* [Aim of the task]: Every line from the first record below down to the line that includes "Rouched V-Neckline and" must be reproduced exactly; the pictures are not.

Stored records:
☆ ☆ ☆ ☆ ☆ ☆ ☆
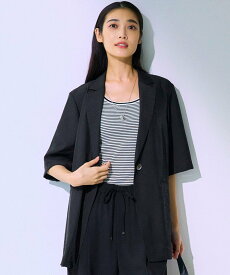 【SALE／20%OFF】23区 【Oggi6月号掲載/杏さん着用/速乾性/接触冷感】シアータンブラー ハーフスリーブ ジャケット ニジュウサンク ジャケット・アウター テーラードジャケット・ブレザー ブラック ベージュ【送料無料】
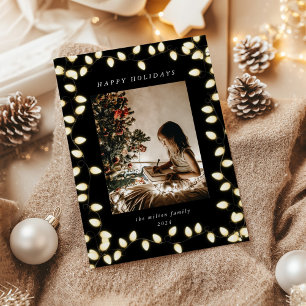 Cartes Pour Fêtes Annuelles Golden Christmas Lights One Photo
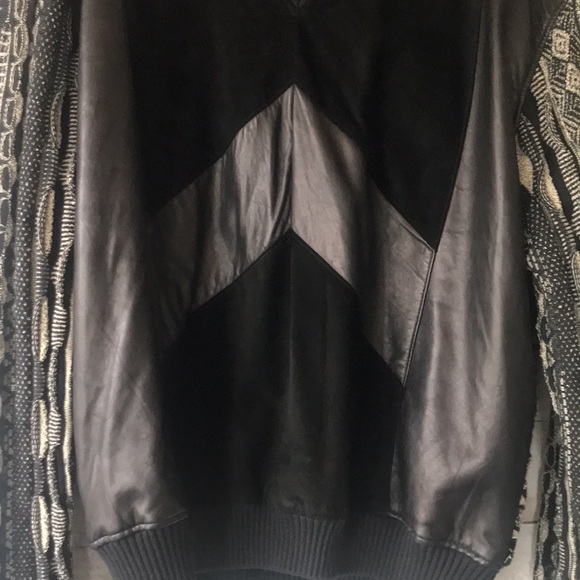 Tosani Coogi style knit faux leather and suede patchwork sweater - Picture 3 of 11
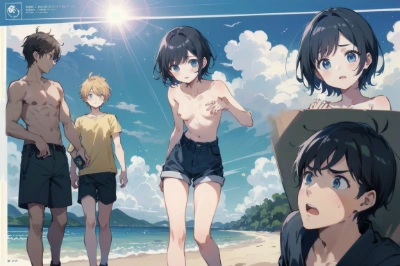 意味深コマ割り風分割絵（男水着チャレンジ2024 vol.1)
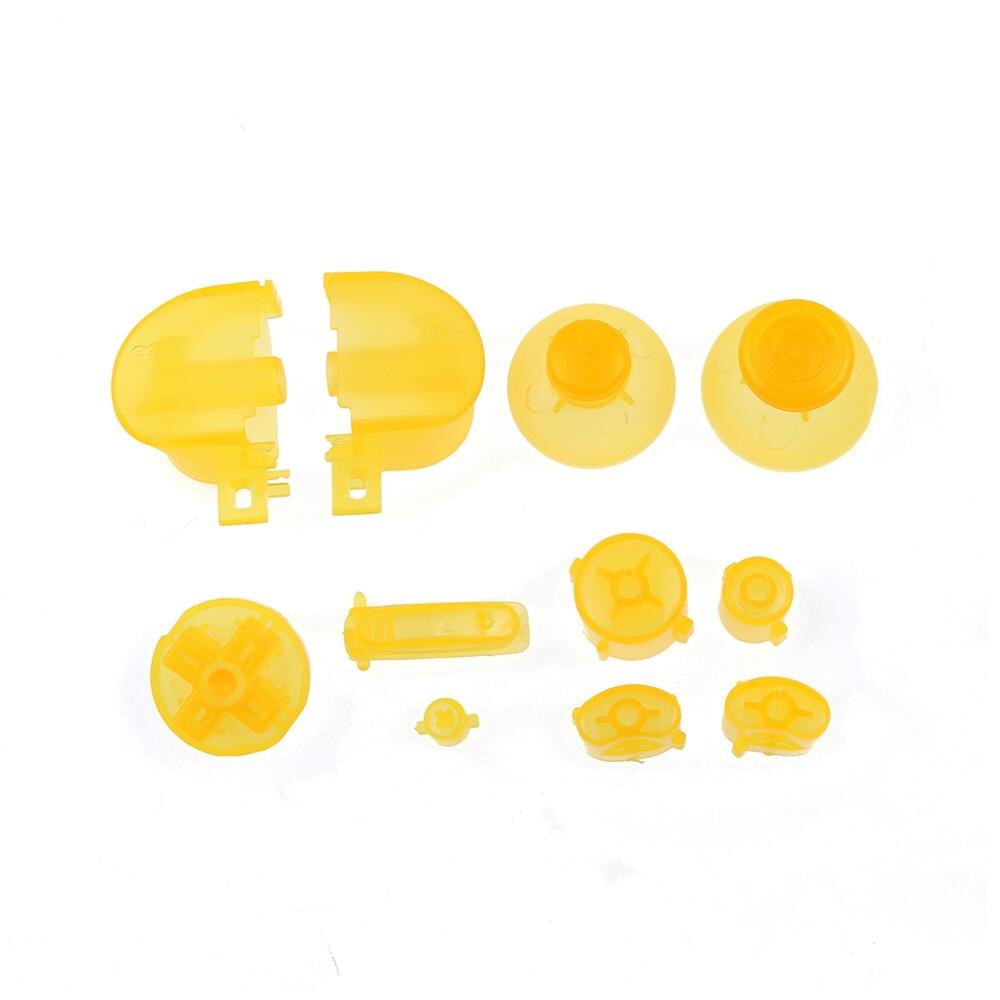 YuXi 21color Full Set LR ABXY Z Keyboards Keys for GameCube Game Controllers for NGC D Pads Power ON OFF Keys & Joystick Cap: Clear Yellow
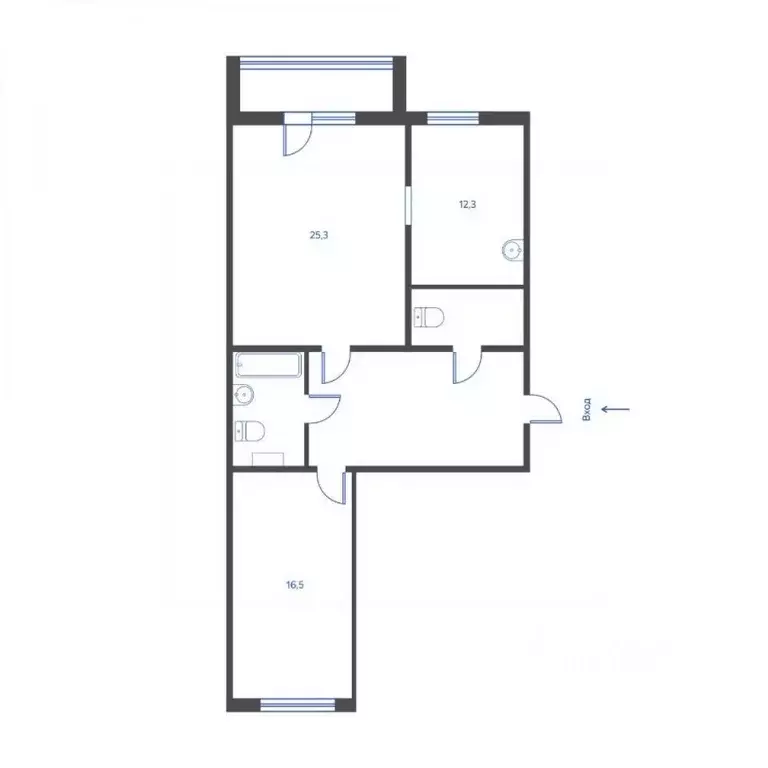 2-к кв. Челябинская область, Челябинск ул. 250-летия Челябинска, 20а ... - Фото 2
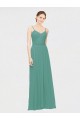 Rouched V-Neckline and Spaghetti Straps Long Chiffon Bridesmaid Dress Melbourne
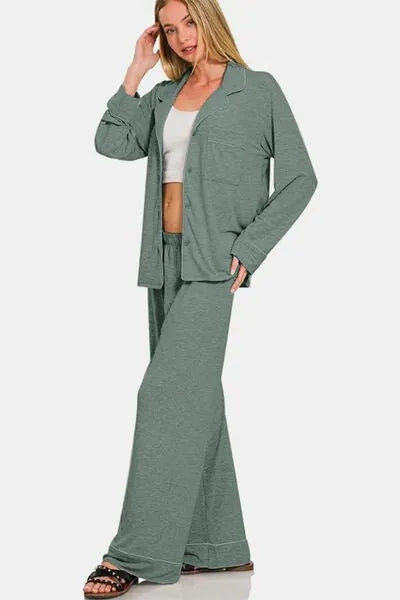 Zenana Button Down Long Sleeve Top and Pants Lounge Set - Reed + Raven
☆ ☆ ☆ ☆ ☆ ☆ ☆
* [Exercise response]:
 【SALE／20%OFF】23区 【Oggi6月号掲載/杏さん着用/速乾性/接触冷感】シアータンブラー ハーフスリーブ ジャケット ニジュウサンク ジャケット・アウター テーラードジャケット・ブレザー ブラック ベージュ【送料無料】
 Cartes Pour Fêtes Annuelles Golden Christmas Lights One Photo
 Tosani Coogi style knit faux leather and suede patchwork sweater - Picture 3 of 11
 意味深コマ割り風分割絵（男水着チャレンジ2024 vol.1)
 YuXi 21color Full Set LR ABXY Z Keyboards Keys for GameCube Game Controllers for NGC D Pads Power ON OFF Keys & Joystick Cap: Clear Yellow
 2-к кв. Челябинская область, Челябинск ул. 250-летия Челябинска, 20а ... - Фото 2
 Rouched V-Neckline and Spaghetti Straps Long Chiffon Bridesmaid Dress Melbourne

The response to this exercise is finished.